The transitional opportunity taker
**Video**
Set: Galley
Setup: Camera onn Tripod
Script:
Dean: More and more commonly, we are seeing deckhands and stewards and stewardesses, recognising that the Galley department is a pretty great place to be. Whilst you’ll probably put in more hours as a Chef, you get better pay, and more time off, as well as the ability to express creativity which certainly can’t be said about being a deckhand. There are only so many ways to wash a boat!
With that said, if you do decide you want to make a go of being a Chef on a yacht, you’re actually in a really great place to transition into it from another department.
Because you have the basics of yachting down, you can exclusively focus on the cuisine part, massively reducing all the concepts you need to learn. You’ll also quickly be able to pick up the kind of things you need to be focusing on, as being a Chef is such a broad concept, inevitably there is a bit that is not necessarily relevant to a yacht chef.
It’s not a bad strategy, to get a job as a stewardess or a deckie, and wait for your opportunity to present itself.
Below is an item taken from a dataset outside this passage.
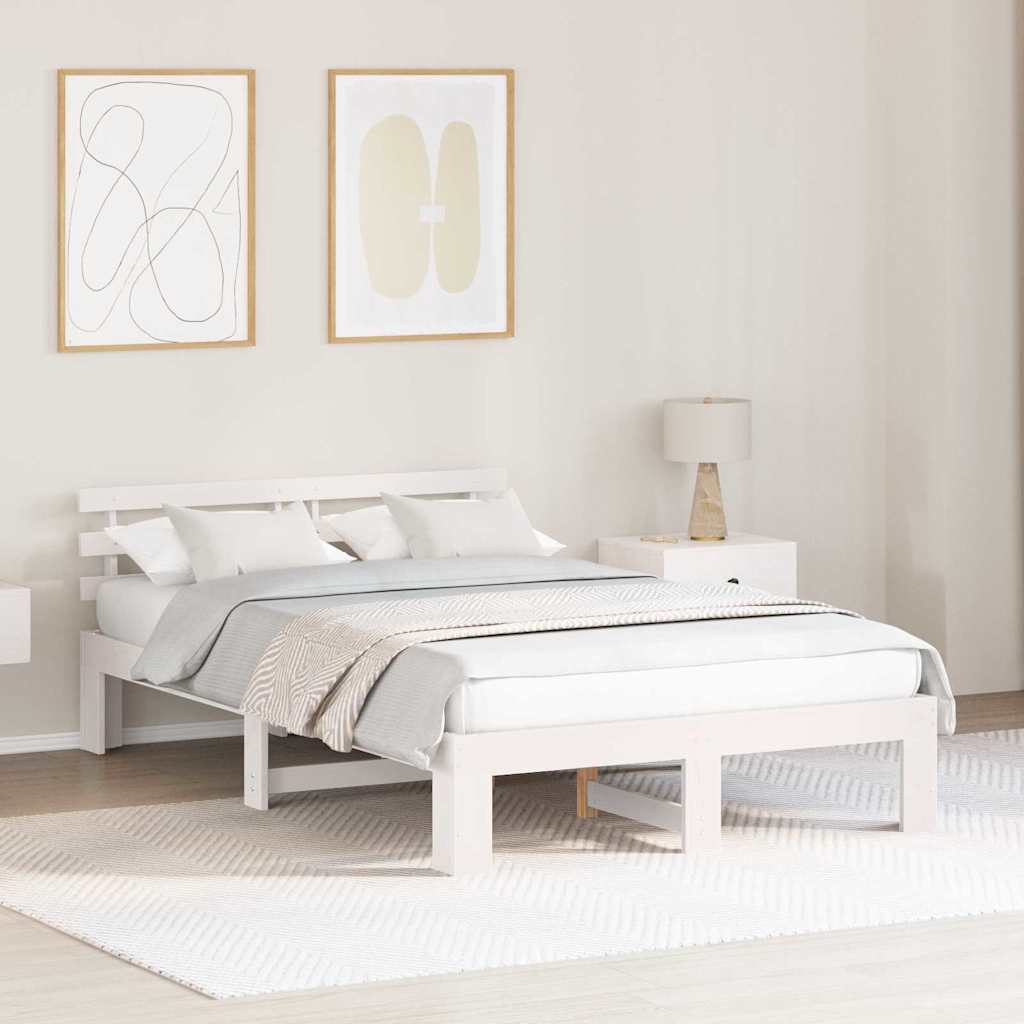 vidaXL Σκελετός Κρεβατιού Λευκό 120 x 190 cm Στερεά ξυλεία πεύκου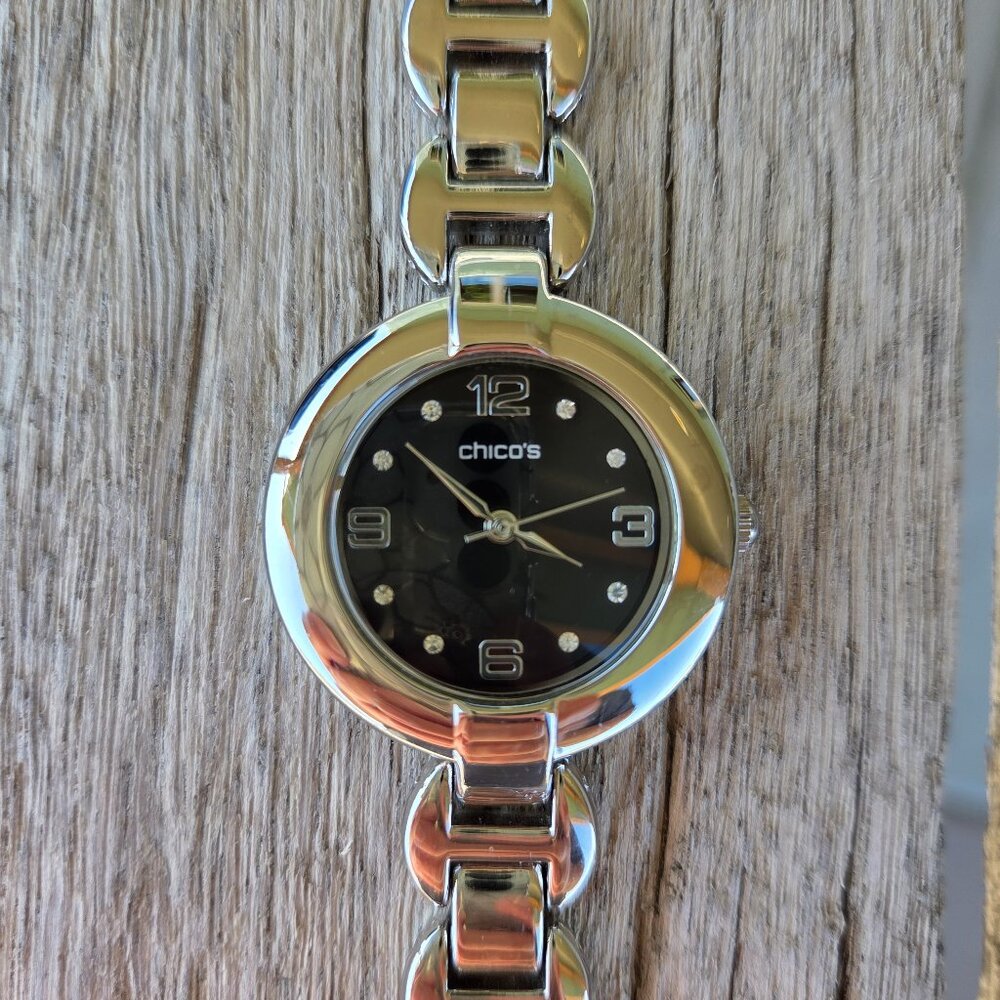 NEW Chico's Classic Silvertone Ladies Watch w/Rhinestones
It’s low risk, as you’ll be getting paid, not as much but still well, and you can potentially time it so you can spend an hour or two a day helping out the Galley team to get some experience.
Recognise that you may have to do this in your own time, you’ll have your own duties to accomplish like cleaning toilets and scrubbing teak, and also you won’t get to go straight to plate presentation, it’s likely to be cleaning seafood and peeling veg, but this is an under-utilised path to success if you don’t have the experience and qualifications straight out of the gate.